Business Editors
LAS VEGAS--(BUSINESS WIRE)--Sept. 12, 2002
Paul-Son Gaming Corporation ("Paul-Son") (Nasdaq:PSON) announced today that its stockholders approved the combination transaction with Etablissements Bourgogne et Grasset ("B&G") and B&G's subsidiary, The Bud Jones Company. As a result of the stockholder approval, Paul-Son and B&G intend to complete steps to consummate the combination before the end of business today, September 12, 2002. Paul-Son intends to issue a subsequent press release once the combination has been completed.
In addition to approving the combination, all other proposals at the meeting were approved, including the re-election of Eric P. Endy as a director, amendments to Paul-Son's articles of incorporation to (1) remove certain Nevada anti-takeover provisions, (2) remove certain control share redemption provisions, (3) remove supermajority voting requirements to approve asset sales, mergers and share exchanges, (4) remove supermajority voting requirements for amendments to Paul-Son's articles of incorporation and (5) to modify provisions with respect to certain gaming regulatory matters.
Paul-Son is a leading manufacturer and supplier of casino table game equipment. Paul-Son's products include casino chips, "plaques" and "jetons" (the European equivalents of casino chips), table game layouts, playing cards, dice, gaming furniture (such as roulette wheels, blackjack tables and craps table) and other casino table game accessories (such as chip trays, drop boxes and dealing shoes) to licensed casinos all over the world.

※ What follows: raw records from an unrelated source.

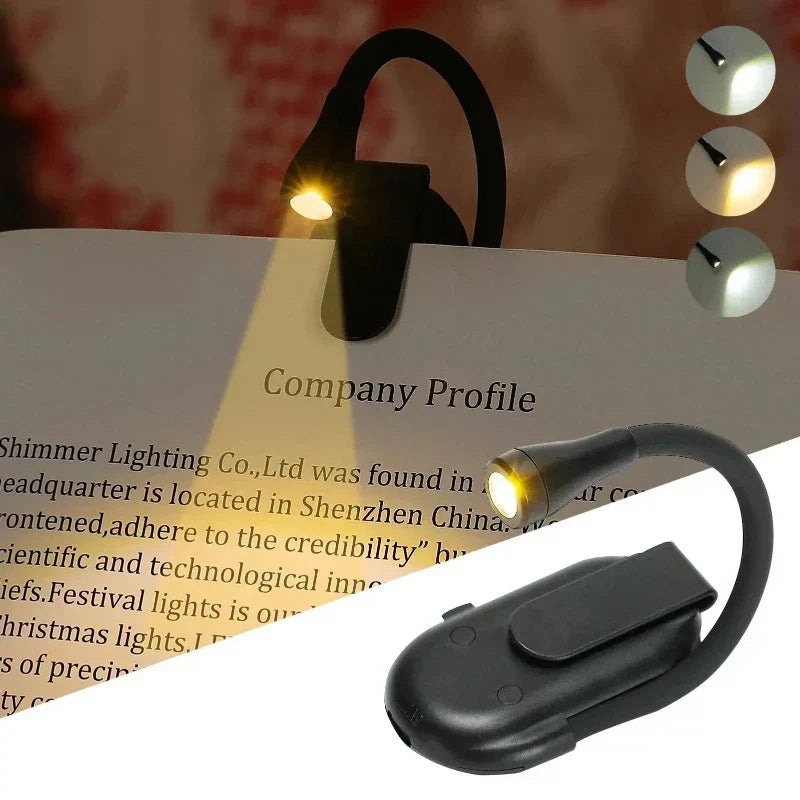 Lampe de lecture rechargeable à clipser sur un livre - rotation réglable à 360°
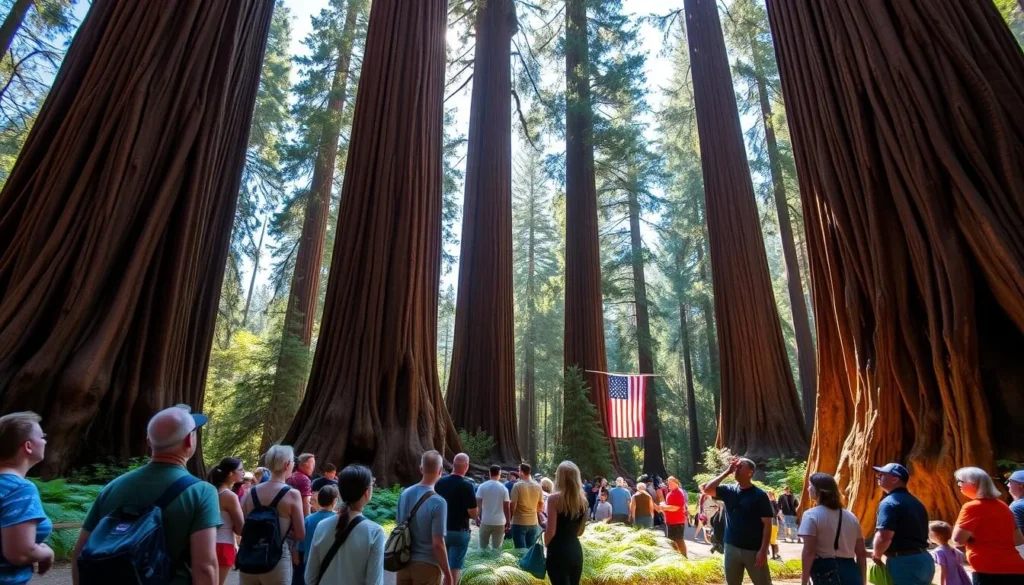 Visitors admiring massive redwood trees at Richardson Grove State Park
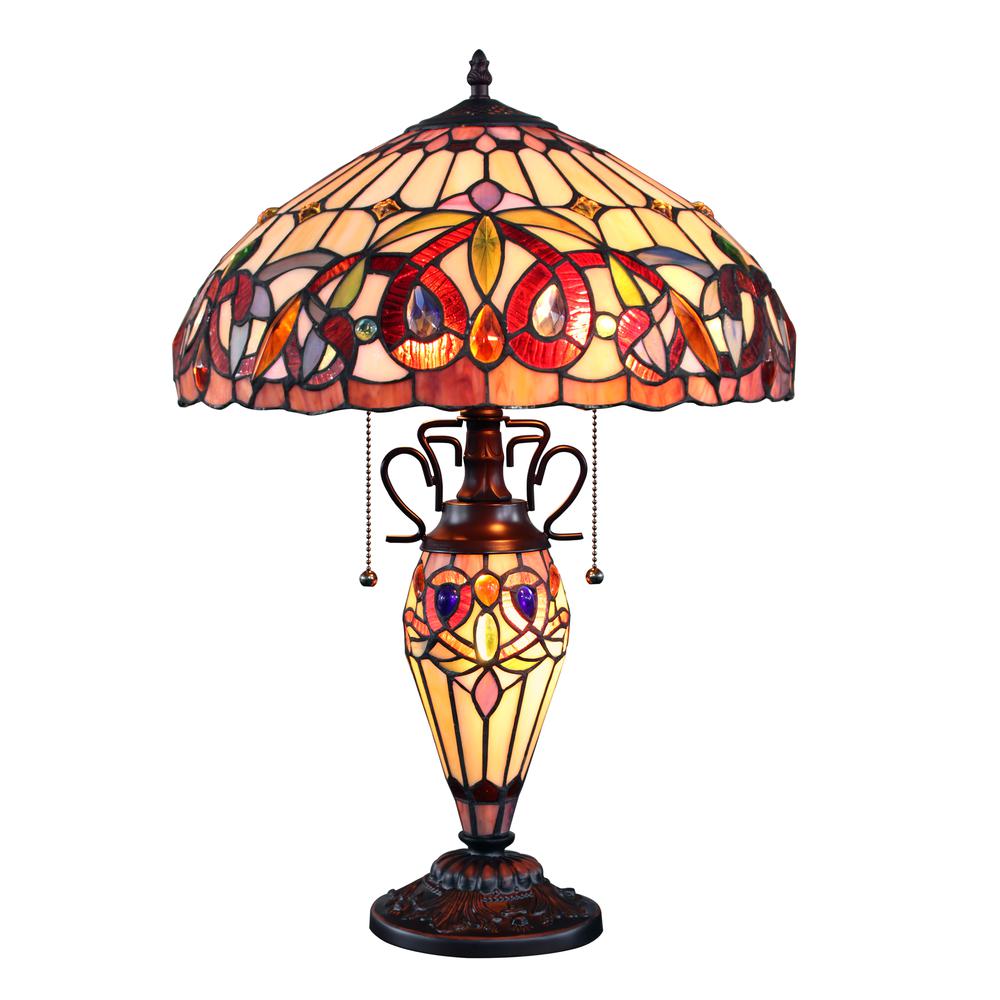 CHLOE Lighting SERENITY Tiffany-style Dark Bronze 3 Light Double Lit Table Lamp 16" Shade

This press release includes "forward-looking statements" within the meaning of Section 27A of the Securities Act of 1933 and Section 21E of the Securities Exchange Act of 1934 that are subject to risks and uncertainties. Such forward-looking statements include, without limitation, satisfaction of all other conditions precedent to the proposed combination and other risks more fully described in Paul-Son's previous filings with the Securities and Exchange Commission, including the Definitive Proxy Statement filed on August 9, 2002.